For a super ignorant person: Both Llama 4 Scout and Llama 4 Maverick use a Mixtu...

vessenes · 2025-04-05T20:48:33 1743886113

This was an idea that sounded somewhat silly until it was shown it worked. The idea is that you encourage through training a bunch of “experts” to diversify and “get good” at different things. These experts are say 1/10 to 1/100 of your model size if it were a dense model. So you pack them all up into one model, and you add a layer or a few layers that have the job of picking which small expert model is best for your given token input, route it to that small expert, and voila — you’ve turned a full run through the dense parameters into a quick run through a router and then a 1/10 as long run through a little model. How do you get a “picker” that’s good? Well, it’s differentiable, and all we have in ML is a hammer — so, just do gradient descent on the decider while training the experts!

This generally works well, although there are lots and lots of caveats. But it is (mostly) a free lunch, or at least a discounted lunch. I haven’t seen a ton of analysis on what different experts end up doing, but I believe it’s widely agreed that they tend to specialize. Those specializations (especially if you have a small number of experts) may be pretty esoteric / dense in their own right.

Anthropic’s interpretability team would be the ones to give a really high quality look, but I don’t think any of Anthropic’s current models are MoE.

Anecdotally, I feel MoE models sometimes exhibit slightly less “deep” thinking, but I might just be biased towards more weights. And they are undeniably faster and better per second of clock time, GPU time, memory or bandwidth usage — on all of these - than dense models with similar training regimes.

zamadatix · 2025-04-05T20:56:17 1743886577

The only thing about this which may be unintuitive from the name is an "Expert" is not something like a sub-llm that's good at math and gets called when you ask a math question. Models like this have layers of networks they run tokens through and each layer is composed of 256 sub-networks, any of which can be selected (or multiple selected and merged in some way) for each layer independently.

So the net result is the same: sets of parameters in the model are specialized and selected for certain inputs.
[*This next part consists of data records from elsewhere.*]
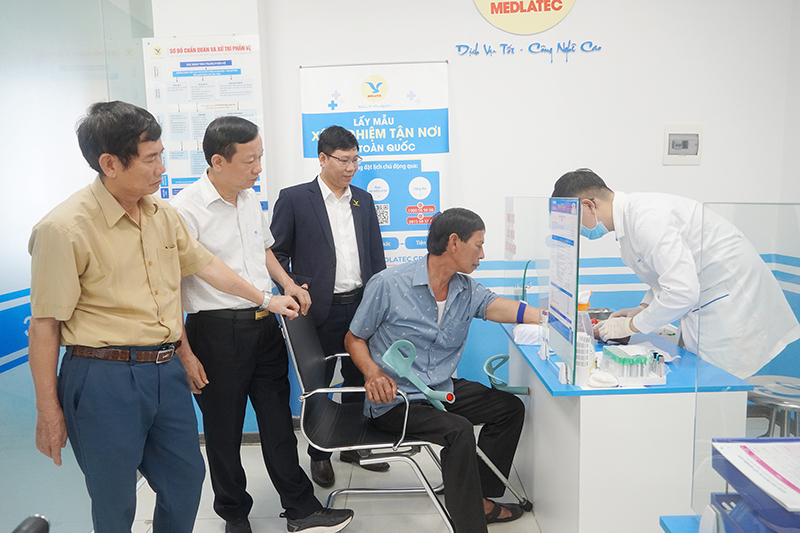 Hội Bảo trợ người khuyết tật và trẻ mồ côi tỉnh phối hợp với các đơn vị liên quan khám, chăm sóc sức khỏe cho người khuyết tật.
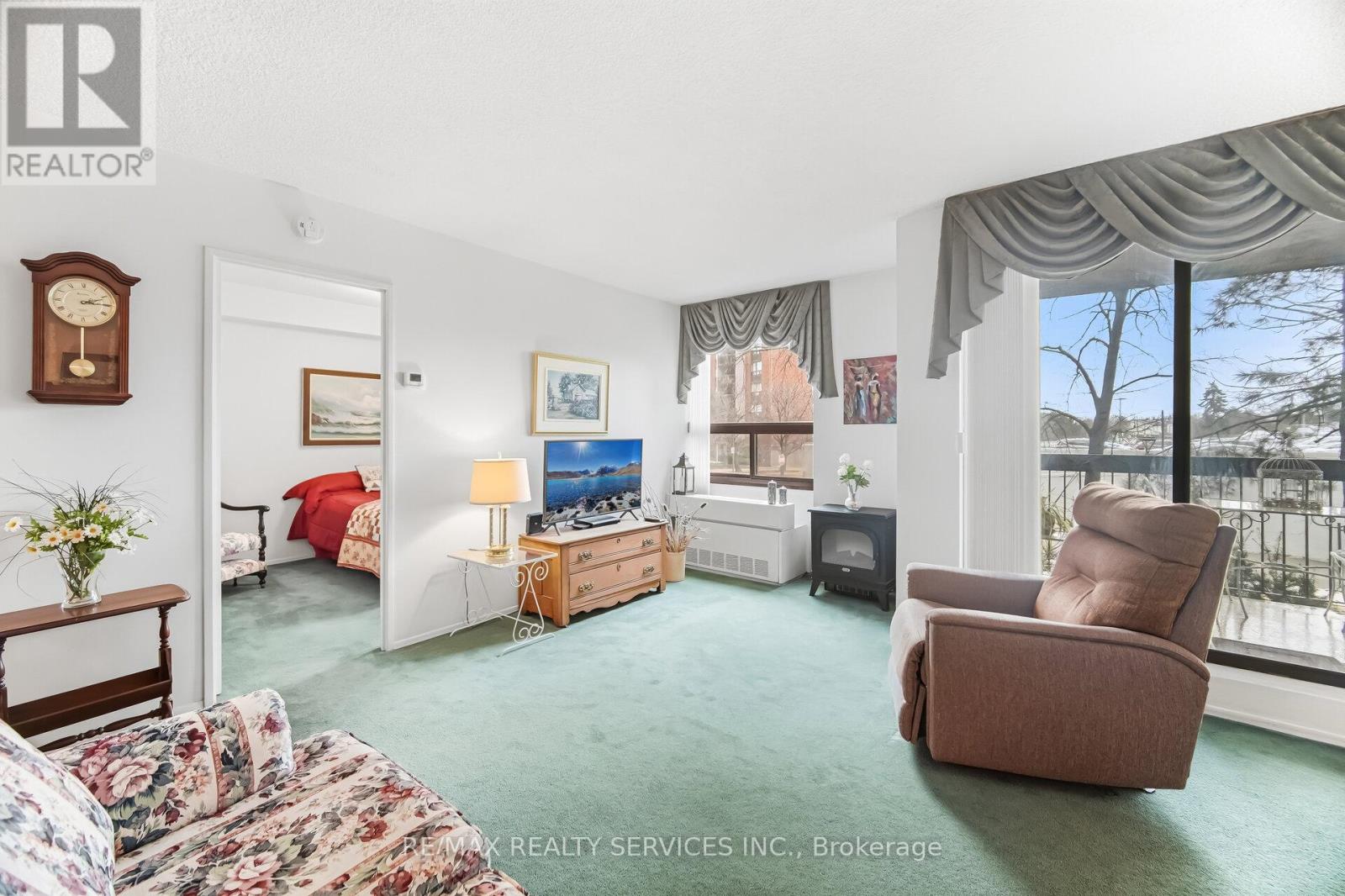 201 - 20 Mississauga Valley Boulevard, Mississauga, Ontario  L5A 3S1 - Photo 14 - W12864374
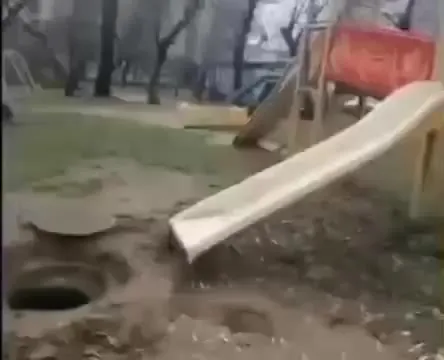 Горка прямо в яму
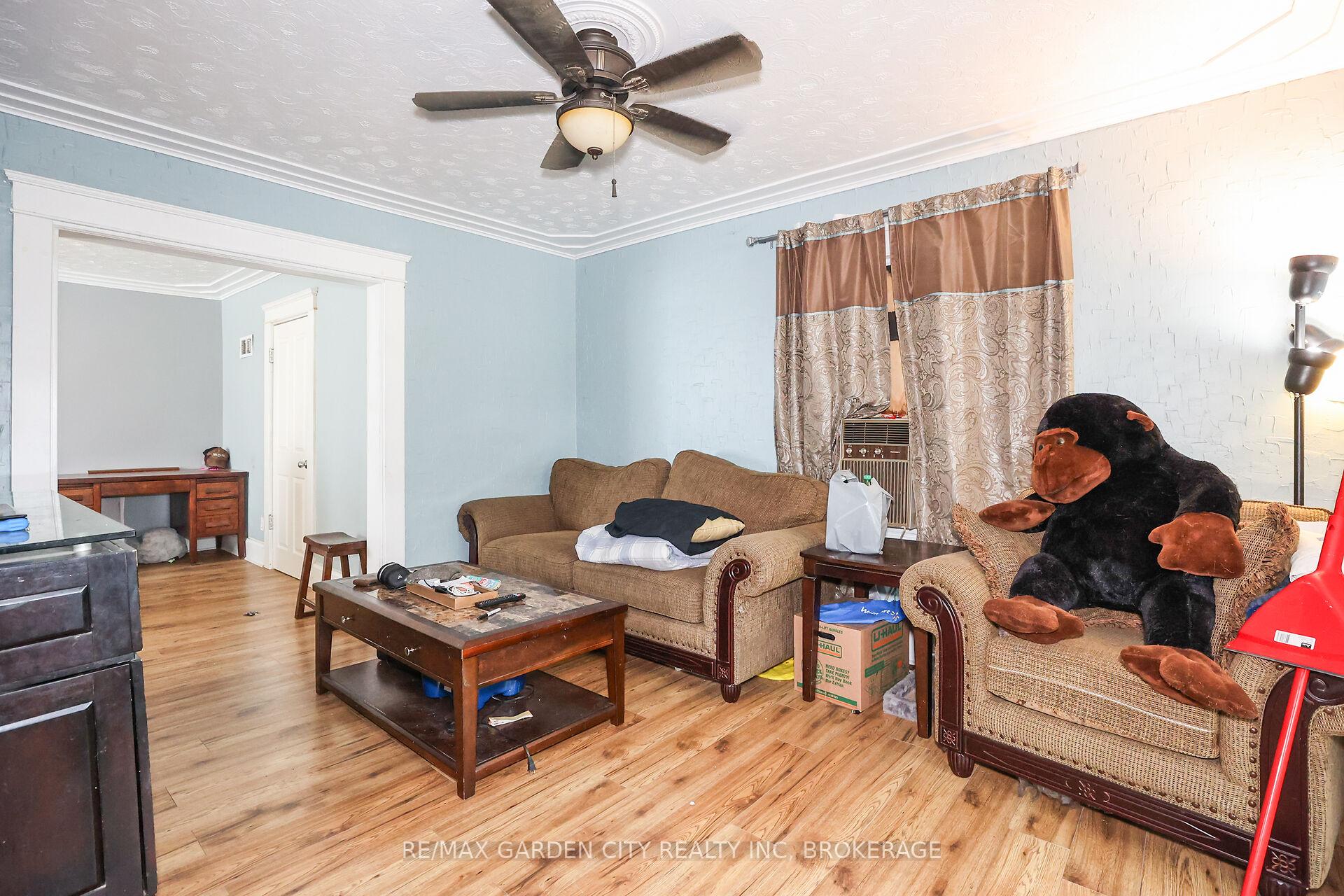 Photo 6 of 539 King Street, Welland, Lincoln/Crowland — HOMEH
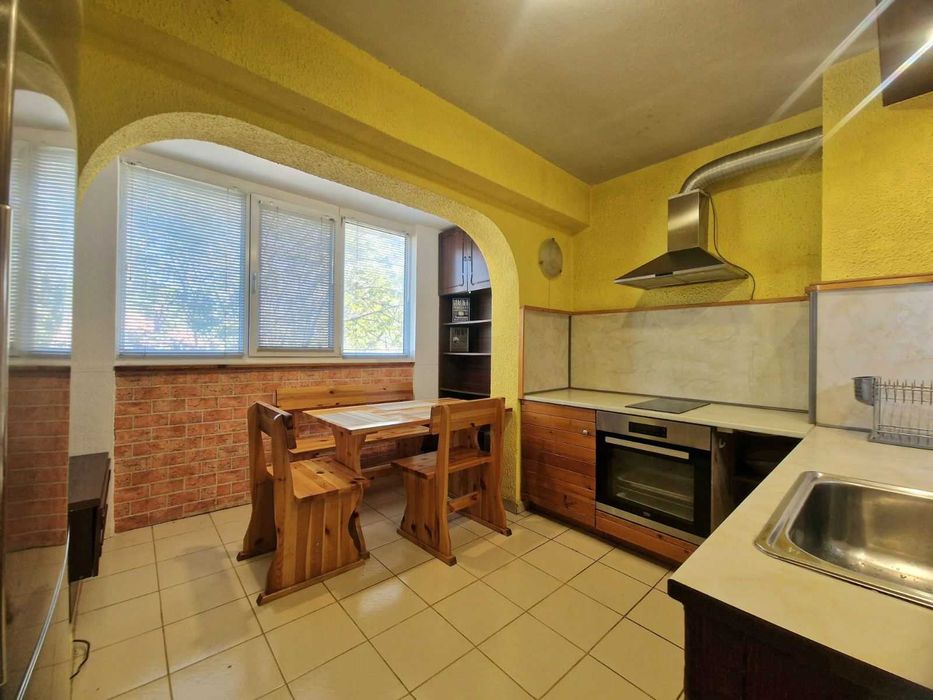 Продава се Четиристаен апартамент в Русе, Централен южен район - 99 кв.м за 1344 €/кв.м - Снимка #1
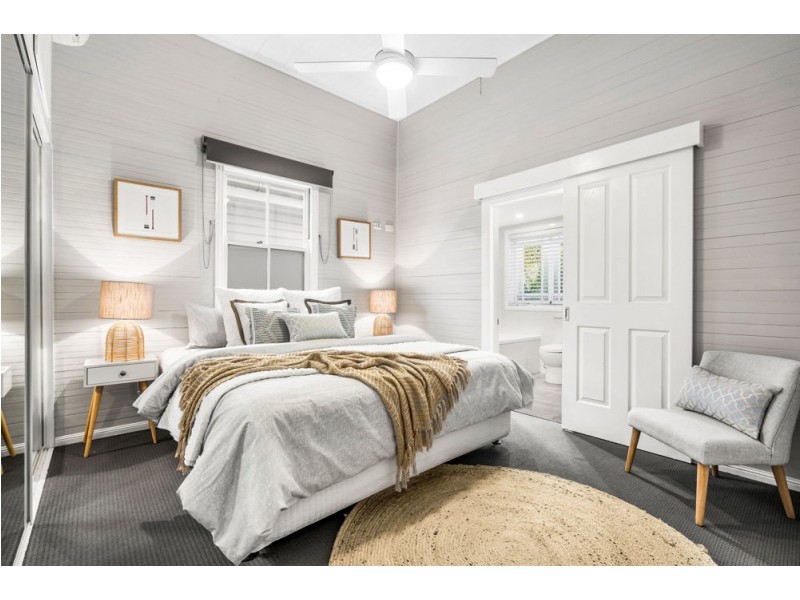 76 Clara Street, Wynnum QLD 4178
It's just a done a bit deeper in the model than one may assume.

jimmyl02 · 2025-04-05T21:22:13 1743888133

the most unintuitive part is that from my understanding, individual tokens are routed to different experts. this is hard to comprehend with "experts" as that means two you can have different experts for two sequential tokens right?

I think where MoE is misleading is that the experts aren't what we would call "experts" in the normal world but rather they are experts for a specific token. that concept feels difficult to grasp.

phire · 2025-04-06T01:09:20 1743901760

It's not even per token. The routing happens once per layer, with the same token bouncing between layers.

It's more of a performance optimization than anything else, improving memory liquidity. Except it's not an optimization for running the model locally (where you only run a single query at a time, and it would be nice to keep the weights on the disk until they are relevant).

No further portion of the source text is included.